Diving the Cape Peninsula and False Bay/SS Bia
The dive site SS Bia is a historical wreck on an inshore rocky reef in the South Peninsula area on the Atlantic Seaboard of the Cape Peninsula, near Cape Town in the Western Cape province of South Africa.
The Swedish freighter SS Bia is one of at least three wrecks at Olifantsbospunt. It hit Albatross rock on a stormy night in 1917 and was wrecked. If you are diving the area, you may as well visit them all if there is time and the sea is not too rough. The others are the SS Thomas T. Tucker, and the SS Umhlali. All are shallow, and decompression will not be an issue.
This site is in a Marine Protected Area (2004). A permit is required.
The name "SS Bia" is the name of the ship wrecked at this site.
Maximum depth is probably less than 8m. The top of the engine block and boiler are at about 3m. (Average depth is likely to be about 4m.)
The site is in very shallow water, wher the surge is strong, and visibility will not often be good. However on a very flat day after an upwelling better visibility than usual may be expected.
The bow of the wreck lies close inshore behing a shallow reef, The wreckage is mostly mangled hull plating and frames, but a few portholes and other items of interest have been seen There is a large cast iron mooring bollard on one of the fragments. The wreckage is on a shallow section of sandstone reef, and is mostly encrusted with rust and crustose coralline algae, and overgrown by kelp and smaller seaweeds, as are the rocks, and in some cases it is difficult to distinguish where reef stops and werck starts.
The major part of the wreckage is further out to the west, but is also on a shallow reef. This reef has higher profile, and there are areas where there little wreckage, and other areas with lots. The triple expansion steam engine lies on its side on top of a fairly high section of reef, and the cylinders of the upper engine block are clearly regognisable and fairly intact, though well camouflaged by coralline algae. The engine remains include piston rods, crosshead links, connecting rods and the crankshaft, with what appear to be valve control rods. About ten metres away, at similar depth, is the remains of a scotch boiler. The firebox is open and has a large hole in the lower surface, and the boiler casing cylinder walls are mostly rusted away, leaving the tubes open to view. Between these two items is a long shaft with a gear near one end and a winch drum at the other end. There is also another winch shaft with drums at both ends, a number of heavy solid iron bars, and a fairly large amount of hull framing and plating.

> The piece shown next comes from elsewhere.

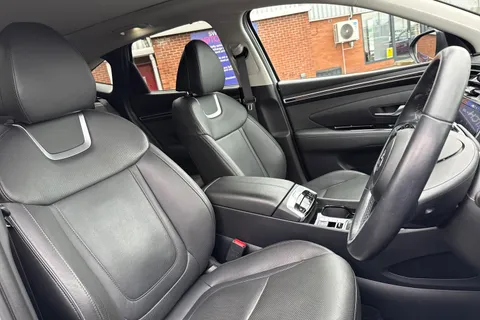 SB23DZO Hyundai Tucson 1.6 T-GDi MHEV Ultimate DCT 4WD Euro 6 (s/s) 5dr Thumbnail #25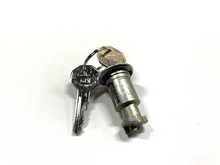 Load image into Gallery viewer, Manual Tailgate Lock For 1963-1972 Buick Chevy Oldsmobile & Pontiac Wagon Models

Geology: Quartzitic Ordovician sandstone of the Peninsula formation.
The site is exposed to westerly swells and winds, so should be dived in low swell and offshore (south easterly) winds. These conditions are most common in summer, but can occur less frequentlduring other seasons.
Boat dive. The site is 16.5km from the launch site at Kommetjie, and 27km from Hout Bay harbour. There is no shore access as there is no road providing reasonable access to the area. Shore exit should be possible in an emergency, but it will be a long walk to the nearest habitation.
The wreckage and reef are largely covered by crustose corallines, and is the base for a kelp forest of Ecklonia maxima, the sea bamboo. Ther are also areas densely covered by small brown and red seaweeds, and the reef and wreckage provide shelter for West coast rock lobster and a few abalone, amongst other invertebrates, and Hottentot seabream may be seen above the wreck and reef.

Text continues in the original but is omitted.